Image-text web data
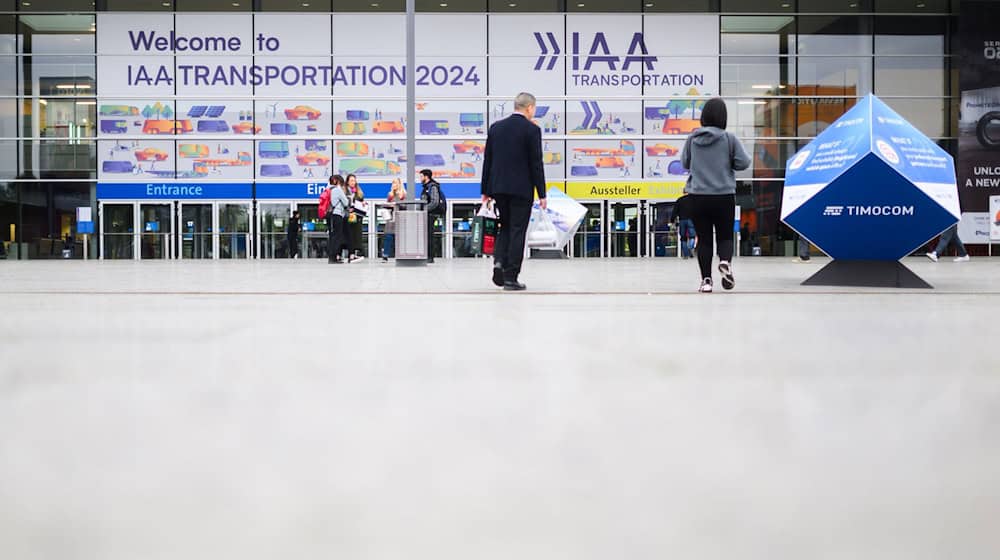 Die diesjährige IAA Transportation steht unter dem Motto «People and Goods on the Move». / Foto: Julian Stratenschulte/dpa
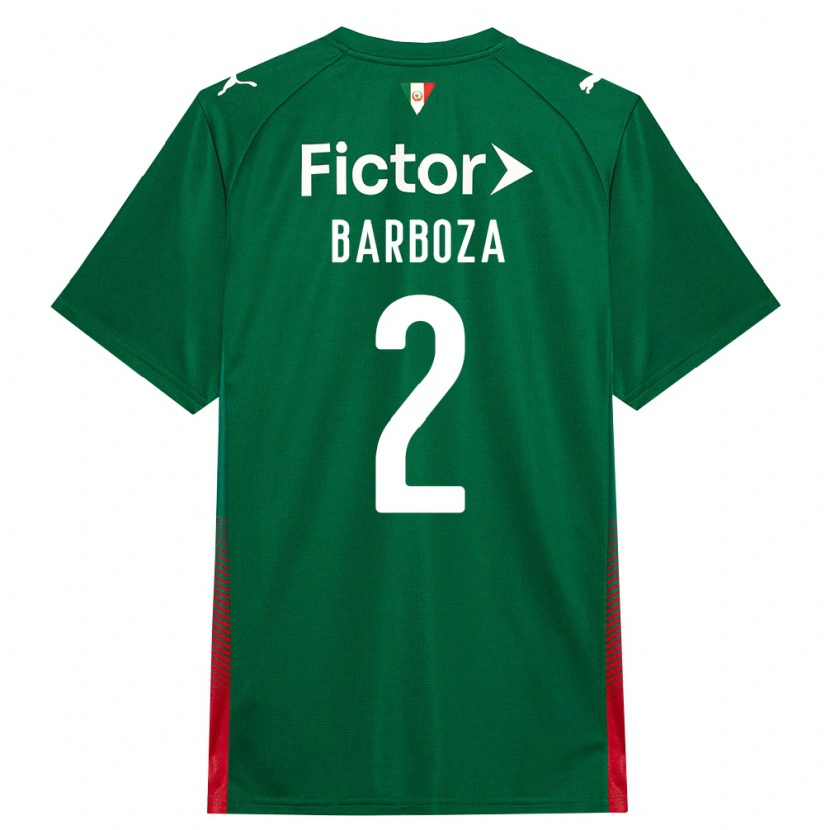 Danxen Niño Camiseta Alexander Barboza #2 Verde Rojo Blanco 1ª Equipación 2026/27 La Camisa México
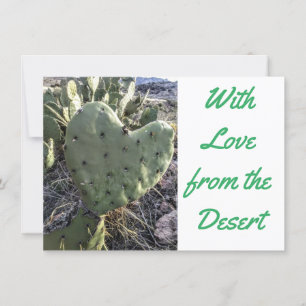 Carte de vœux avec amour du désert
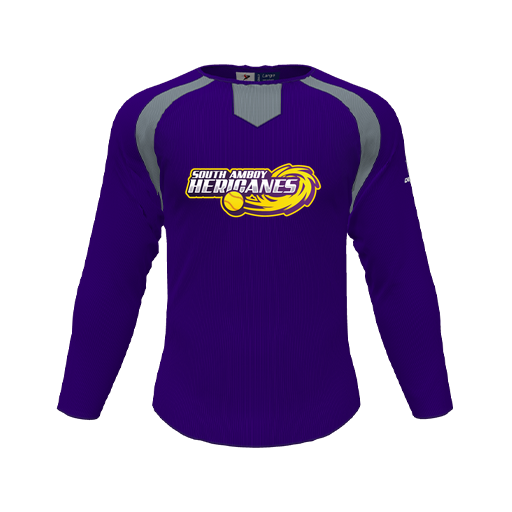 [CUS-DFW-PULL-FLC-CNK-LSL-PUR-YS-LOGO1] Pullover (Youth S, Purple, Logo 1)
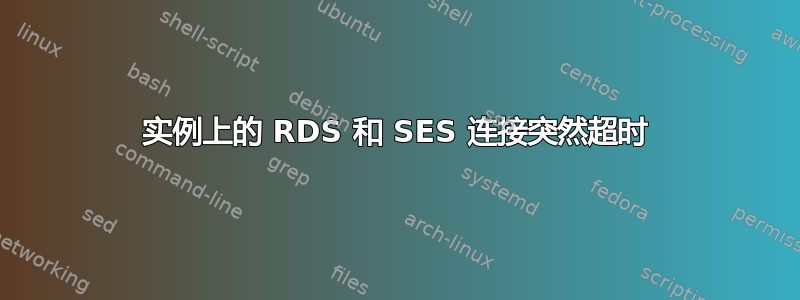 实例上的 RDS 和 SES 连接突然超时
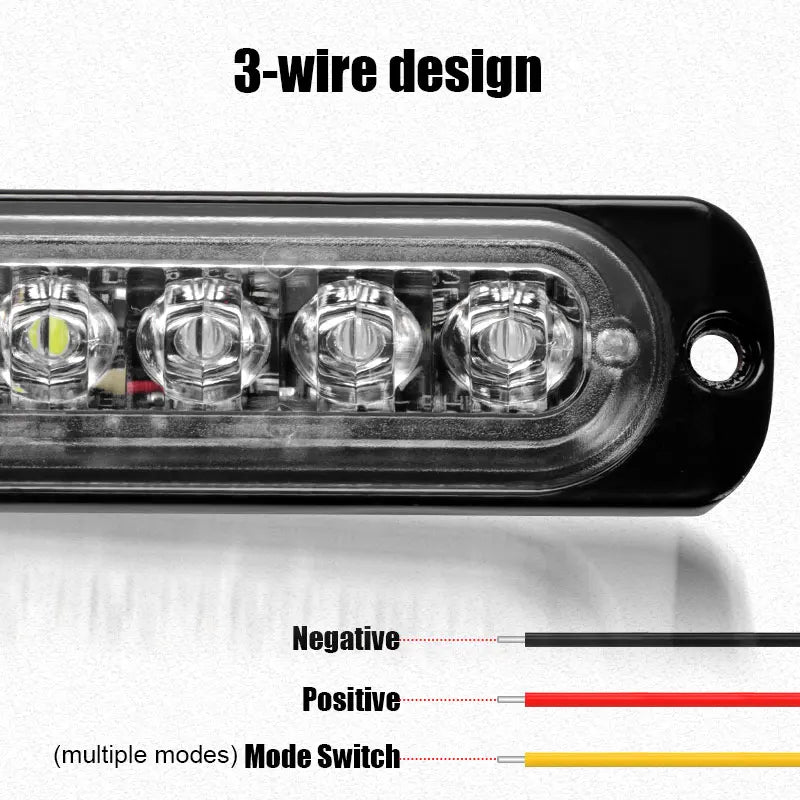 4LED Truck Trailer Beacon Side Waterproof Dc 12V 24V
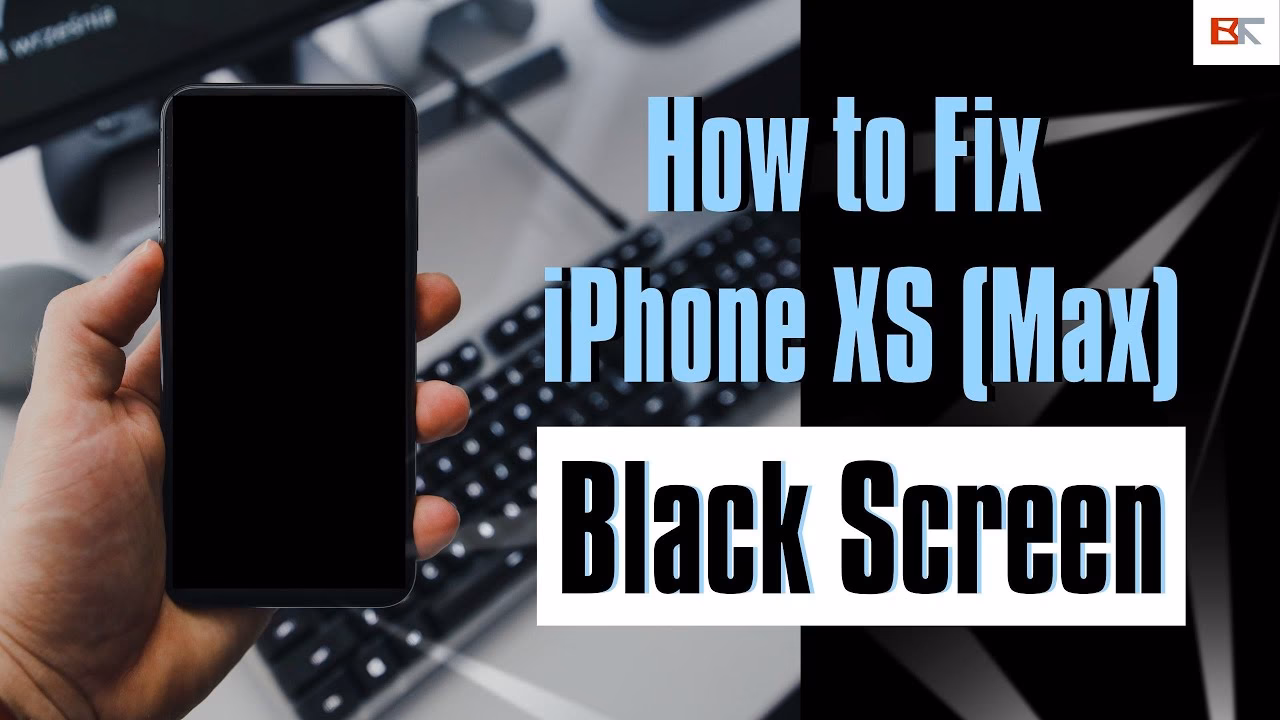 How to fix black screen on iPhone XS?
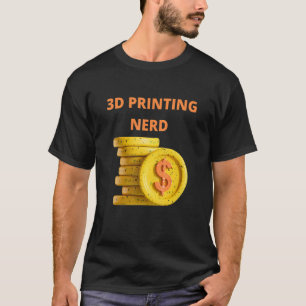 3d Nerd Bitcoin Miner T-Shirt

What needs to be done
Word for word, restate all of the data, but do not copy the pictures.

Response area
 Die diesjährige IAA Transportation steht unter dem Motto «People and Goods on the Move». / Foto: Julian Stratenschulte/dpa
 Danxen Niño Camiseta Alexander Barboza #2 Verde Rojo Blanco 1ª Equipación 2026/27 La Camisa México
 Carte de vœux avec amour du désert
 [CUS-DFW-PULL-FLC-CNK-LSL-PUR-YS-LOGO1] Pullover (Youth S, Purple, Logo 1)
 实例上的 RDS 和 SES 连接突然超时
 4LED Truck Trailer Beacon Side Waterproof Dc 12V 24V
 How to fix black screen on iPhone XS?
 3d Nerd Bitcoin Miner T-Shirt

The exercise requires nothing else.